** Aim of the task **
Excluding all pictures, please output the listing exactly.

** Data section **
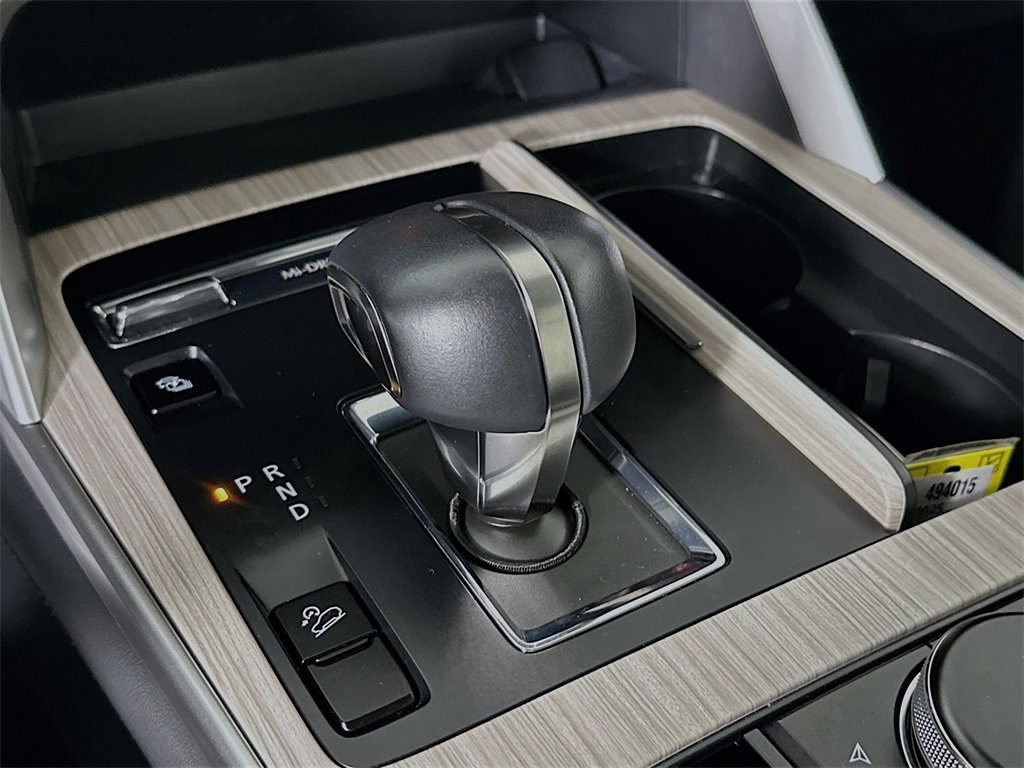 Certified 2025 MAZDA CX-70 Plug-In Hybrid w/ Premium Pkg image 22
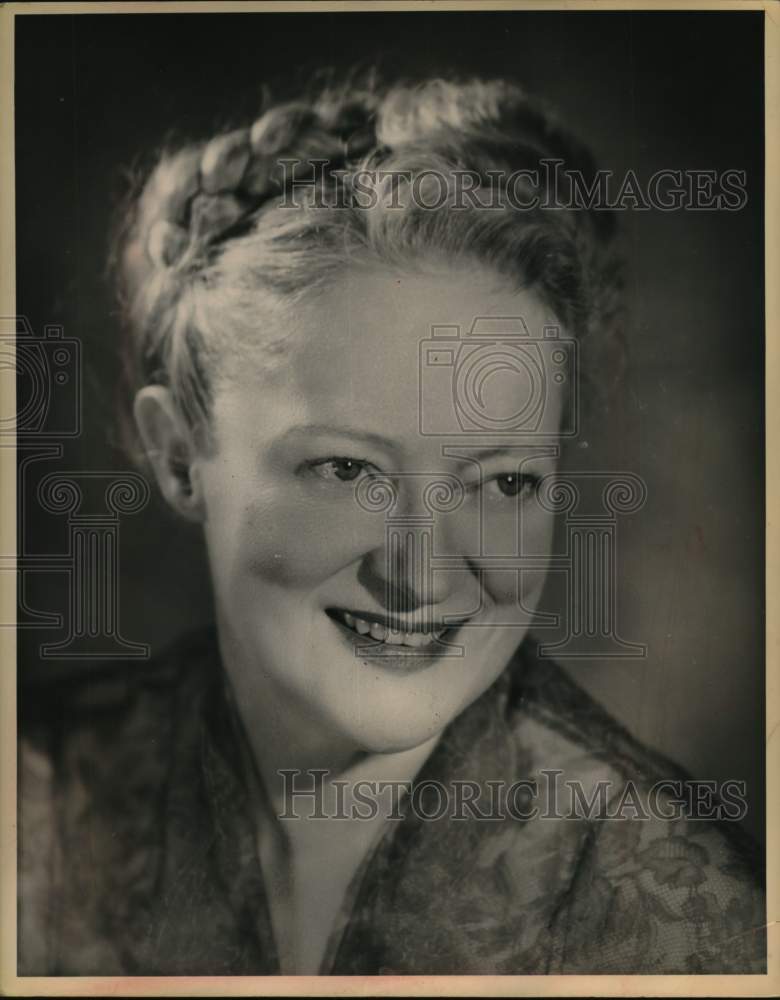 Press Photo American National Theater &amp; Academy (ANTA) President, Peggy Wood - Historic Images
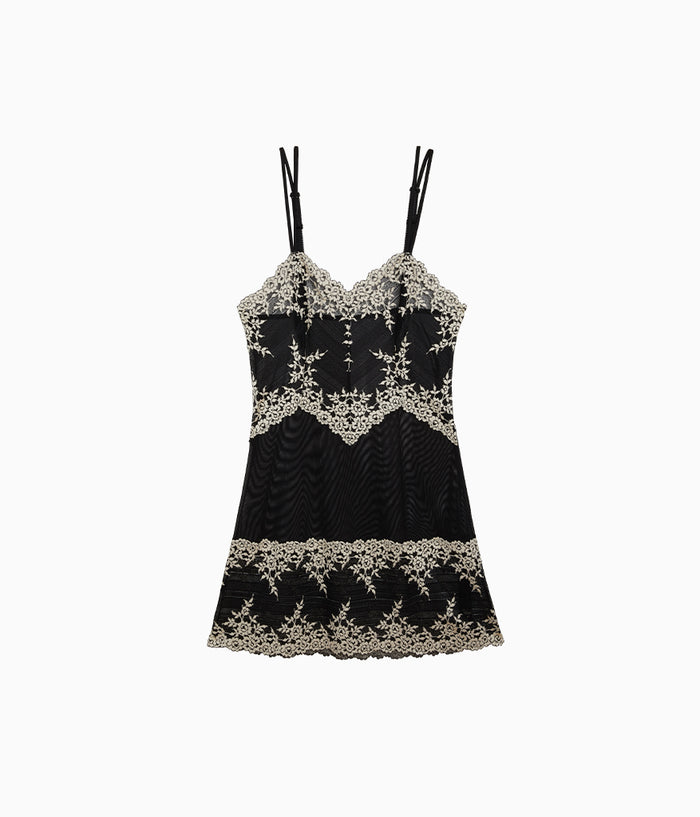 Embrace Lace® Chemise: Black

** Solution **
 Certified 2025 MAZDA CX-70 Plug-In Hybrid w/ Premium Pkg image 22
 Press Photo American National Theater &amp; Academy (ANTA) President, Peggy Wood - Historic Images
 Embrace Lace® Chemise: Black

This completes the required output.